Rahadian Rundjan
Jurnalis dan kolumnis yang senang menjelajahi sejarah, khususnya tema sains, teknologi, dan medis....

Jejak Dusta dan Kontroversi Ilmuwan di Indonesia

17 Oktober 2017
Dibaca Normal 3 menit
Terungkap sudah kebenaran dari kata-kata muluk seorang Dwi Hartanto. Mahasiswa doktoral berusia 35 tahun itu membualkan prestasi akademis secara meyakinkan dan mendapat porsi perhatian pemberitaan media di Indonesia, sebagaimana kisah-kisah keberhasilan diaspora Indonesia lainnya.

Nyatanya itu semua dusta. Dwi bukanlah ilmuwan roket, perancang jet tempur, ataupun “The Next Habibie”, pentolan sains Indonesia yang saat seusianya sudah, dan tanpa banyak membual, berkiprah fantastis dalam sains kedirgantaraan di Jerman.

Kasus Dwi mengingatkan kembali bagaimana dinamika ilmuwan Indonesia belakangan ini yang penuh bencana dan bahaya dari berbagai sisi. Pertama dari sisi akademis seperti kasus plagiarisme di Universitas Negeri Jakarta. Kedua, dari sisi praktisi, yakni penangkapan sebagian guru besar universitas kenamaan seperti Rokhmin Dahuri, Nazaruddin Sjamsuddin, dan Rudi Rubiandini karena kasus korupsi. Dan ketiga, rontoknya moralitas, khususnya di kalangan mahasiswa, mengingat masih marak tawuran antar dan intra kampus, seperti yang belakangan terjadi di Universitas Riau.
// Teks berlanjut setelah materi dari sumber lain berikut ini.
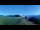 Webcam in Morgins, 6.8 mi away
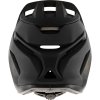 Alpina Sports ROOTAGE EVO black matt 51-55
Namun, fenomena dalam dunia sains Indonesia, yang membuat publik umum mempertanyakan keabsahan ilmuwannya, sama sekali bukanlah hal baru. Ada beberapa skandal yang tercatat dalam sejarah di masa Hindia Belanda.

Baca juga:
Skandal Dwi Hartanto dan Pantangan Etis Para Peneliti
Temuan Plagiat Disertasi di UNJ

Valentijn, Douwes Dekker, dan Ratulangie

Salah satu naturalis terbesar di Hindia pernah tinggal di Ambon, namanya Georg Eberhard Rumphius. Pegawai Kongsi Dagang Hindia Belanda (VOC) kelahiran Jerman ini mungkin orang pertama yang meneliti lingkungan hidup Ambon, laboratorium alam yang masih perawan, dengan pendekatan ilmiah ala Barat. Karya terbaiknya adalah buku ensiklopedia botani berjudul Herbarium Amboinense (Kitab Jamu-jamuan Ambon), yang penerbitan dan publikasinya sempat dilarang VOC karena buku ini dianggap memuat informasi sensitif tentang aset-aset VOC di Hindia.
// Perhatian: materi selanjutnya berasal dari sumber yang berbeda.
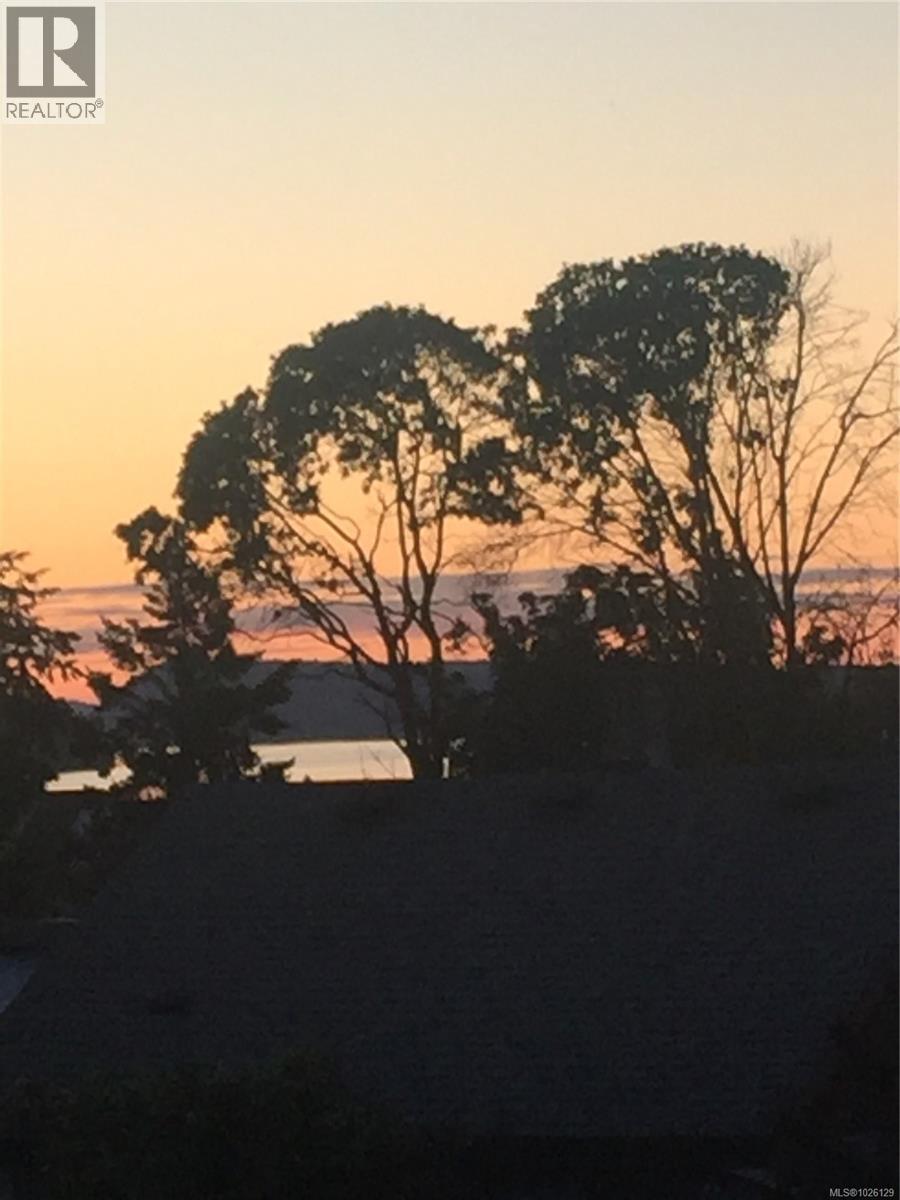 403 9876 Esplanade St, Chemainus, British Columbia  V0R 1K1 - Photo 7 - 1026129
Herbarium Amboinense selesai ditulis pada 1690, dan baru diperbolehkan terbit pada 1741. Namun, pada 1724, sebagian penelitian Rumphius telah diplagiat koleganya di VOC bernama Francois Valentijn dalam buku Oud en Nieuw Oost-Indiën. Valentijn adalah pendeta yang bertugas di Ambon dan Rumphius merupakan mentor bahasa Melayunya. Tidak hanya Rumphius, Valentijn juga mengambil sumber orang-orang sezaman tanpa memberikan kredit yang pantas, mengingat bukunya membahas VOC dan cakupan wilayah kerjanya yang amat luas di Asia, termasuk India, Tiongkok, Persia, dan Jepang.

Oud en Nieuw Oost-Indiën menjadi rujukan bacaan sejarah dan geografi penting bagi pegawai-pegawai VOC sebelum mereka berlayar ke Hindia, setidaknya sampai abad 19. Tidak hanya itu, Valentijn sempat berkonflik dengan petinggi-petinggi gereja di Batavia setelah terjemahan Injil ke bahasa Melayu yang ditulisnya ditolak akibat dugaan plagiarisme—kemungkinan ia menjiplaknya dari Rumphius juga. Para petinggi gereja kemudian menerbitkan hasil terjemahan Melchior Leydekker yang lebih meyakinkan, dan menjadi Kitab Injil berbahasa Melayu pertama yang bahkan terus digunakan sampai paruh pertama abad 20.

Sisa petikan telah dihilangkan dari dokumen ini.